Decarbonising Somerset [WFJ #48]
Are local councils doing enough to address issues around food and climate?
Since 2019 local councils have had a legal responsibility to plan their response to climate change.
And, whether it’s upping the amount of food grown locally, improving access to fresh fruit and veg for lower-income households, or connecting schools with produce from nature-friendly farms, there are 14 glowing examples of how local authorities are using food and farming to approach concerns towards planetary health.
But Somerset County Council, it turns out, is not one of them.
At the end of last year, campaign group Food For The Planet published the report, ‘Every Mouthful Counts’, rating 179 UK councils on their efforts towards tackling climate and nature issues in relation to food. More specifically, councils were assessed in four areas: ‘Governance’, ‘Farming and growing’, ‘Food waste’, and ‘Procurement’.
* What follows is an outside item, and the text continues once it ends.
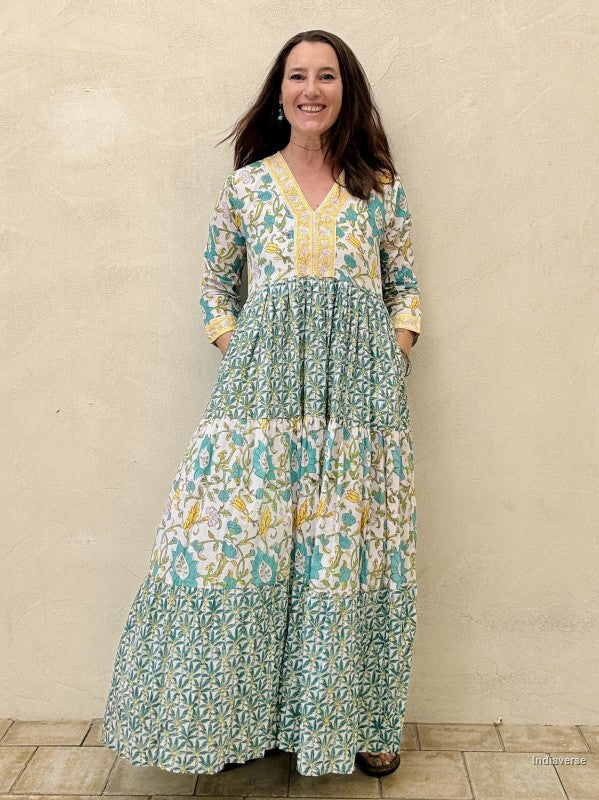 Woman wearing a long cotton dress with green palm tree motif and floral print standing against a beige wall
Somerset’s report card amounts to this: Better than most counties, but plenty of room for improvement. Where Somerset does exceptionally well in ‘Procurement’, it has one of if not the worst rating for food waste, while scores for ‘Governance’ and ‘Farming and food growing’ are middling.
Probably the best indication we have of Somerset authorities’ intentions in this regard (that includes the intentions of the four other major Somerset councils) are in their ‘Towards a Climate Resilient Somerset’ document, which came out of Somerset joint district councils’ climate emergency declaration in 2020.
This collaboration, which crystallises proper as a unitary authority on the 1st April this year, wants to realise a carbon neutral county by 2030, and appreciates the role agriculture plays in that. They acknowledge, for example, how farming is linked with habitat loss and the decline of vulnerable species, or how the change in climate will affect what can be cultivated in the area.
For the purposes of the Every Mouthful Counts report however, acknowledgment of the issues and promises to address them aren’t quite good enough. What exactly is ‘good enough’ is a little vague, but with some informed guesswork, and a few extra questions for the assessors, we can start to make more sense of how Somerset County Council – and the soon-to-be unitary council – can do better.